Als Neubürgerin in Glücksburg fand ich erste Eindrücke von kommunalpolitischem Gebaren – vorsichtig ausgedrückt – erschreckend. Was langjährig eingefahrene, verhärtete Strukturen zur Folge haben, zeigt sich in den zitierten Äußerungen, „Alles andere als ein klarer CDU-Sieg wäre in Glücksburg überraschend gewesen.“ (Björn Goos), und „weil hier auch ein Besenstiel gewählt würde, wenn ihn die CDU unterstützte.“ (SPD-Ortsvereinsvorsitzender Michael Schulz).

Sehr geehrter Herr Schulz, ich möchte Ihren Vorstellungshorizont etwas erweitern mit dem Beispiel meines Wahlverhaltens. Ich sehe mich im linken politischen Spektrum zu Hause und war nicht gerade begeistert, dass die von mir favorisierte Kandidatin, ziemlich spät, von der CDU offizielle Unterstützung erhielt. Genau so ging es auch anderen WahlbürgerInnen, die in einer Wahlveranstaltung ihr Unverständnis darüber äußerten. Der von der SPD, allerdings nicht offiziell, unterstützte Kandidat hat übrigens auch Wählerstimmen aus dem CDU-Spektrum erhalten. Das also gibt’s bei einer Bürgermeister-, also Persönlichkeitswahl. Und das ist völlig in Ordnung!
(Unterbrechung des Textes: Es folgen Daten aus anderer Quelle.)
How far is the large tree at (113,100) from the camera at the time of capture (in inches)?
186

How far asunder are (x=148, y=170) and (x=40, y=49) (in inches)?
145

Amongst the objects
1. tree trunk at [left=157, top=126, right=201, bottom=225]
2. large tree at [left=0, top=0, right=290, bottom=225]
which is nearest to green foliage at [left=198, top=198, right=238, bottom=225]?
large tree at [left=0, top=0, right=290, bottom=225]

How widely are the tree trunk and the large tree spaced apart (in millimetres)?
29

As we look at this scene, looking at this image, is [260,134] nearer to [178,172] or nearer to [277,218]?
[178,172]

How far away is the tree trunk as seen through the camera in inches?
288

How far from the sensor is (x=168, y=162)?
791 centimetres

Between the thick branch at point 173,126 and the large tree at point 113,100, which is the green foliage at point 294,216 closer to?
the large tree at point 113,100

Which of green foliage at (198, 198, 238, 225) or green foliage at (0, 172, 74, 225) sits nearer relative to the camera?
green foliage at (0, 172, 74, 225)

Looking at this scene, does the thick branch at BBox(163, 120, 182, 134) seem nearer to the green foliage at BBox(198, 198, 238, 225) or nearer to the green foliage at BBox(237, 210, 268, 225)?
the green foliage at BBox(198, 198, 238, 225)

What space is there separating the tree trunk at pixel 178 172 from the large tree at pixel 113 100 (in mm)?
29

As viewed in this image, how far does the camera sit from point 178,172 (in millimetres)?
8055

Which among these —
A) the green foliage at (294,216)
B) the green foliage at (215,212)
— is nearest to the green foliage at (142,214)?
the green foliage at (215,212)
Vor „Besenstielen“ allerdings sei gewarnt! Die tanzen zuweilen denjenigen, die sie zur Unzeit aus dem Sack zu holen belieben, selbst auf dem Buckel herum! An alle politischen Akteure sei der Wunsch gerichtet: Machen Sie mit bei der Wiederbelebung der politischen Kultur in Glücksburg!

Fettnäpfchen



Soso Herr Schulz, 1327 Glücksburger Bürger sind so debil, dass sie auch einen Besenstiel wählen würden, wenn er denn von der CDU gehalten wird.
Dies ist eine untragbare Äußerung Ihrerseits gegenüber den Bürgern, wie auch Frau Franke. Sie reihen sich nahtlos in die Reihe der SPD-Politiker ein, die ins Fettnäpfchen treten. Wenn Sie Rückgrat hätten, würden Sie genauso wie Günter Sommer von ihren Posten zurücktreten.

Ich denke Herr Goos hat sich selbst geschadet, weil er sich nicht den ca. 500 Bürgern (die ihre Zeit in der Rudehalle bei der Kandidatenrunde quasi verplempert haben) gestellt hat.
Ich wünsche Frau Franke viel Erfolg bei ihrer Tätigkeit.

PS.: Ich bin mit keiner Partei verbandelt, sondern entscheide mich nach Fakten, wen ich wähle.